Starting at the line that has "a living room" and stopping after the line that has "Her Royal Majesty, the Colour-blocking", reproduce the listing below exactly; omit everything else.

:: PROVIDED RECORDS ::

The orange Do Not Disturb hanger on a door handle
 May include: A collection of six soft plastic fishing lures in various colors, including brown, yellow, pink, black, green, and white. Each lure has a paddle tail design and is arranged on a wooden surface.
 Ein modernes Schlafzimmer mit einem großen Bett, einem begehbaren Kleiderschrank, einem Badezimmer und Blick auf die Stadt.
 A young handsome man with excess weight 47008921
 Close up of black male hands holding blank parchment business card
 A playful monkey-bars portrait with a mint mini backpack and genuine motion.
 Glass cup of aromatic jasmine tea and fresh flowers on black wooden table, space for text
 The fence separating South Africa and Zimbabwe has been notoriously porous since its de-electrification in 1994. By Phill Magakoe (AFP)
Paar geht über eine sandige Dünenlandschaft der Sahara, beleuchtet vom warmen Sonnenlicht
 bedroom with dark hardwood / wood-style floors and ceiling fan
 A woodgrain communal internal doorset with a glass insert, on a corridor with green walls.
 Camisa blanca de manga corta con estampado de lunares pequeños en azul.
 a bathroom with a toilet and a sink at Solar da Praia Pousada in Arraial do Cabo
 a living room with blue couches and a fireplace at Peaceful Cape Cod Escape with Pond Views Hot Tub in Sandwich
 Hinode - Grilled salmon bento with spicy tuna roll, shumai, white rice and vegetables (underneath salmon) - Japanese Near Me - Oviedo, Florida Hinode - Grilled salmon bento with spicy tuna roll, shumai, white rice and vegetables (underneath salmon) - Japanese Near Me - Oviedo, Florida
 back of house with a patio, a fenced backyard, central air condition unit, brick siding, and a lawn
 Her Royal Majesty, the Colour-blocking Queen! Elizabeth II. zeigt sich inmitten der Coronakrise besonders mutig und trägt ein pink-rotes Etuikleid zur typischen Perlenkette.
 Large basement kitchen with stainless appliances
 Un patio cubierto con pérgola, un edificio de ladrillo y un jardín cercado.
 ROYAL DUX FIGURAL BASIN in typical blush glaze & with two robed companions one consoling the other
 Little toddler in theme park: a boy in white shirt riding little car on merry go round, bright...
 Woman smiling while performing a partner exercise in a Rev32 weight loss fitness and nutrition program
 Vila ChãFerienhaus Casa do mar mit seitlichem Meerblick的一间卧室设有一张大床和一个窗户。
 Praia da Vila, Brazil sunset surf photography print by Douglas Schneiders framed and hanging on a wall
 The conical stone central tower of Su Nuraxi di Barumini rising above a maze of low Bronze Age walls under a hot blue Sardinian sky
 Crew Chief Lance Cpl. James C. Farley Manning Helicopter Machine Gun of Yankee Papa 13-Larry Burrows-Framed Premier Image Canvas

:::

• WRITTEN ANSWER
 a living room with blue couches and a fireplace at Peaceful Cape Cod Escape with Pond Views Hot Tub in Sandwich
 Hinode - Grilled salmon bento with spicy tuna roll, shumai, white rice and vegetables (underneath salmon) - Japanese Near Me - Oviedo, Florida Hinode - Grilled salmon bento with spicy tuna roll, shumai, white rice and vegetables (underneath salmon) - Japanese Near Me - Oviedo, Florida
 back of house with a patio, a fenced backyard, central air condition unit, brick siding, and a lawn
 Her Royal Majesty, the Colour-blocking Queen! Elizabeth II. zeigt sich inmitten der Coronakrise besonders mutig und trägt ein pink-rotes Etuikleid zur typischen Perlenkette.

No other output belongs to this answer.